With this shift in the market consensus surrounding Federal Reserve strategies, gold just reached its seven-week high. Futures rates have increased by 1.2%, closing on July 18 at $1,980.80. Last week, the precious metal enjoyed its highest weekly gain since April.
Some analysts predict that this rise, combined with the expected market conditions, could be exactly what gold needs to sit above $2,000 per ounce again. The last time gold spiked above this line, reaching its highest price point for the year of $2,055 per ounce, was in mid-March, immediately following the collapse of SVB Financial and the start of the banking crisis. At this time, the Federal Reserve pulled back from its aggressive rate-hiking strategy after realizing an over-correction had occurred.
Such events allowed gold to gain the most it had all year. Between distrust in traditional banking institutions and the less hawkish monetary policies, investors flocked toward gold. If July’s Federal Reserve meeting plays out the way many hope that it will, we may see similar effects.
According to Julia Cordova, the founder of Cordovatrades.com, gold’s performance rates are currently showing bull-flag patterns.

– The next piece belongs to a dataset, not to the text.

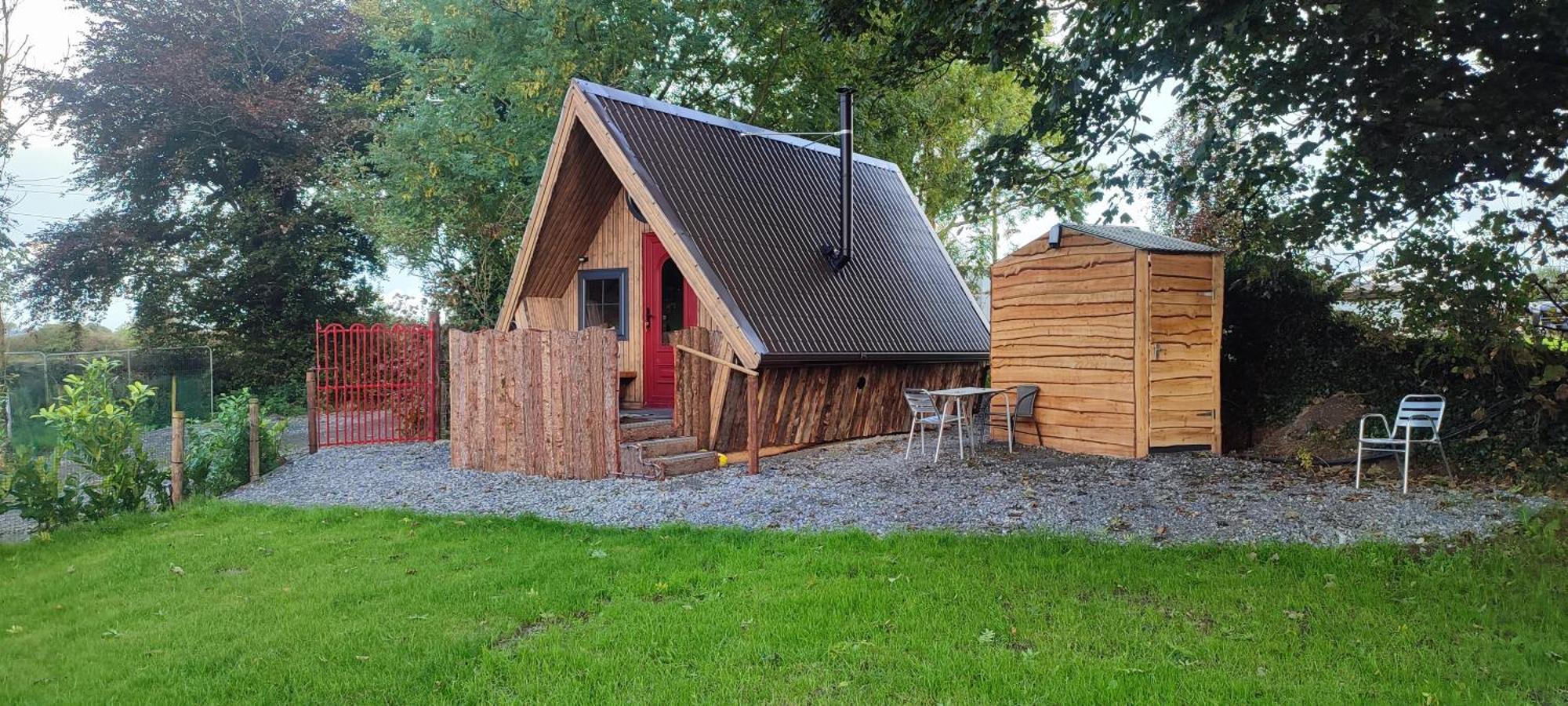 Glasson Glamping Farm Villa Athlone Eksteriør bilde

If the precious metal can close the week around $1,973 per ounce, it may be on track to achieving the $2,000-per-ounce goal relatively soon.
Following this resistance level, the next peak traders should keep their eyes on would be $2,017 to $2,020 per ounce, according to Cordova. She believes this level may arise as soon as next week, considering the Federal Reserve’s meeting will occur next Wednesday.

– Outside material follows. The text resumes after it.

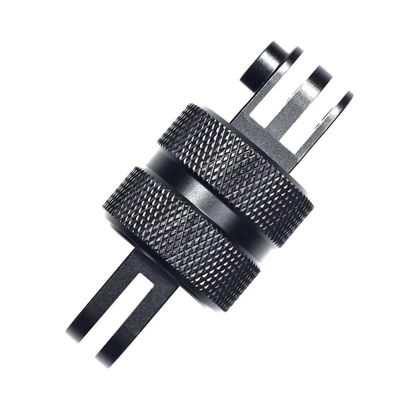 Adaptador Pivot Arm em Alumínio com Rotação 360 GoPro e Similares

According to James Stanley, a market strategist at StoneX, gold bulls are dominating the marketplace right now. He agrees with Cordova’s point that the $2,000-per-ounce line will be the largest determining factor in gold’s next move.
“It might take another day or two, but the momentum and the sentiment are there,” Stanley explained.
The marketplace currently expects a 25-basis point rate hike from the Federal Reserve after July’s meeting. A hike rather than a pause may not seem like good news for gold, though it’s not this month’s outcome that truly matters here; it’s what will come next.
Analysts are beginning to agree that July’s meeting may mark the end of the long, aggressive rate-hiking cycle. If this is true, July’s meeting should reveal critical insights regarding August and September’s plans. Marketplace estimates regarding a rate hike in September have already dropped significantly, meaning people believe July will end it all.
Stanley believes that the weak U.S. retail sales numbers that shocked the marketplace are likely one of the biggest contributing factors here. U.S. retail sales increased by 0.2% last month after May’s revised 0.5% increase based on the U.S. Commerce Department data. Marketplace estimates placed a 0.4% rise on last month’s figure, though the data said otherwise.
The chief North American economist for Capital Economics, Paul Ashworth, believes these figures depict the beginning of what could be a long-term drop in consumer consumption rates, which will likely weigh heavily on the economy.
With excess savings all but eliminated, the impact of higher interest rates and tighter credit condition gradually feeding through, and student loan repayments scheduled to resume, we would argue consumption growth will continue to underwhelm in the second half of this year,” he explained.
Naeem Aslam, the chief investment officer at Zaye Capital Markets, agrees that July’s Federal Reserve meeting should mark the end of the rate-hiking cycle. Aslam predicts that this event will positively support gold prices.
“We think that there is a clear understanding among market players that next week the Fed will fire the last bullet from its gun — from there onwards, conversations will only be about the ongoing pause and a possible rate cut taking place. We believe all of that will be highly positive for the gold price,” Aslam explained.
Moving forward, traders can keep their eyes on next Wednesday’s meeting and gold’s response to it in terms of the critical support lines outlined above. As always, investors should consult their financial advisors before making any portfolio decisions.